### WHAT IS REQUIRED
Return the data exactly, without pictures.

++++ SOURCE MATERIAL

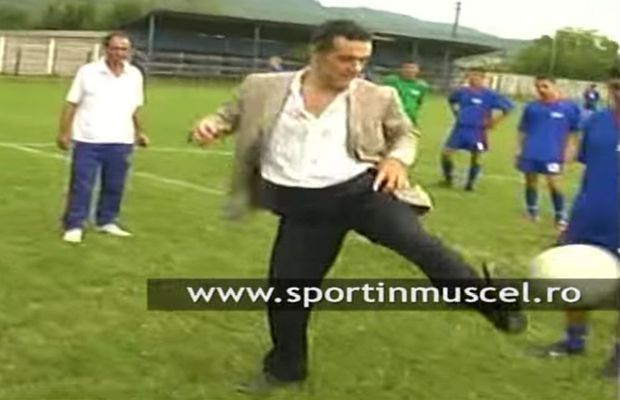 VIDEO AICI Nu știe Becali fotbal? Înregistrarea „dezgropată” pe net, care a devenit virală: ce execuții de finețe are patronul FCSB!
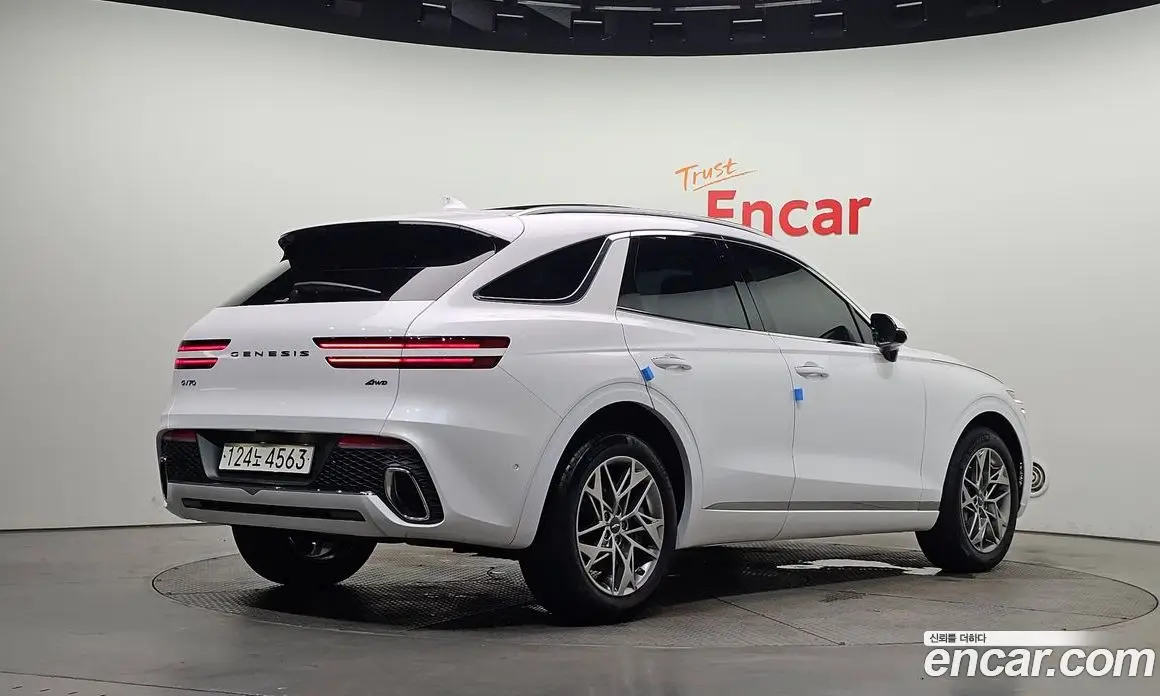 Genesis GV70 2023 2.5 автомат (гидро), фото 2 Genesis GV70 2023 2.5 автомат (гидро), фото 2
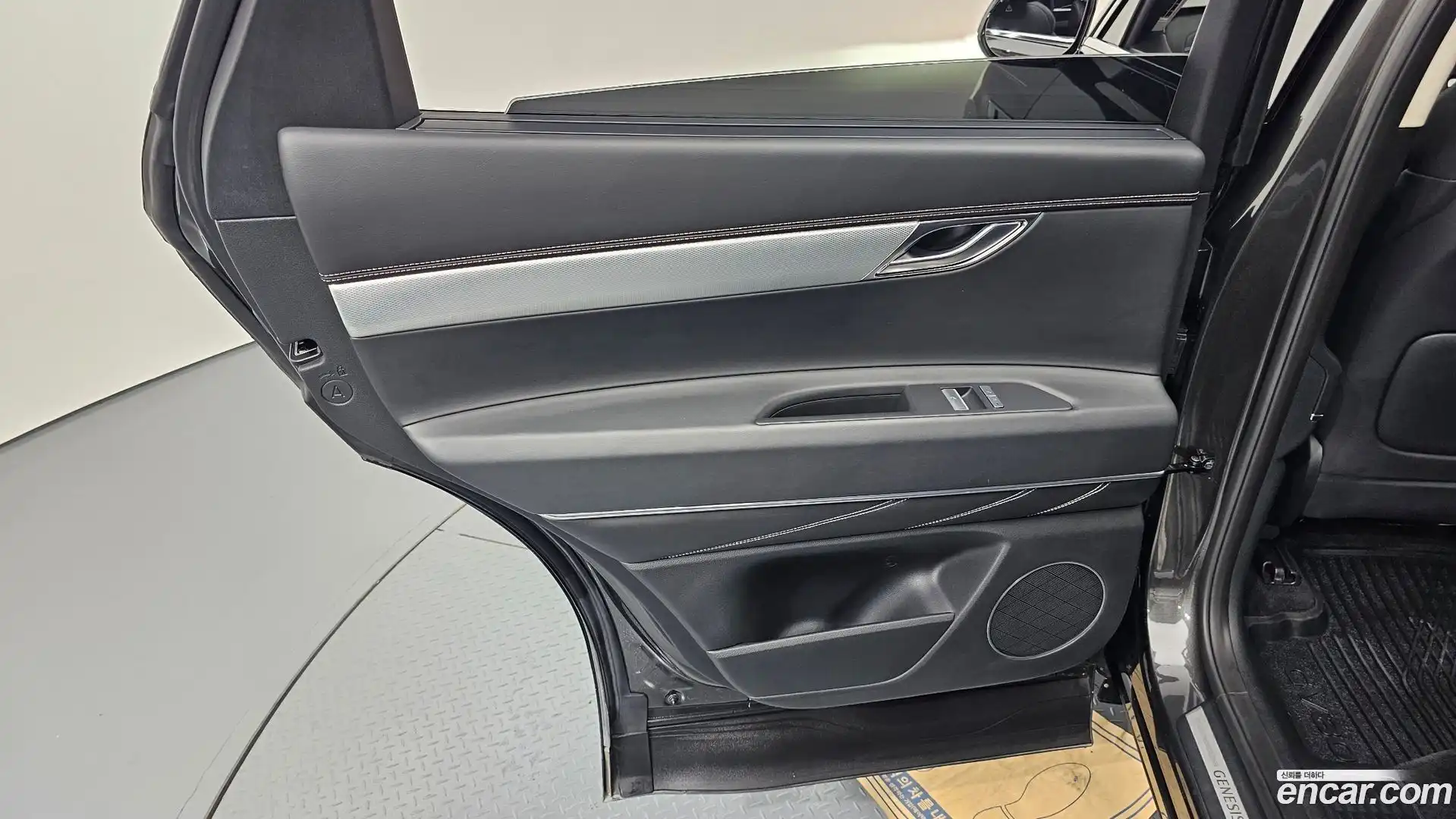 GV80 Genesis 2023.4-INNER-035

++++++++

### RESULT OF THE TASK
 VIDEO AICI Nu știe Becali fotbal? Înregistrarea „dezgropată” pe net, care a devenit virală: ce execuții de finețe are patronul FCSB!
 Genesis GV70 2023 2.5 автомат (гидро), фото 2 Genesis GV70 2023 2.5 автомат (гидро), фото 2
 GV80 Genesis 2023.4-INNER-035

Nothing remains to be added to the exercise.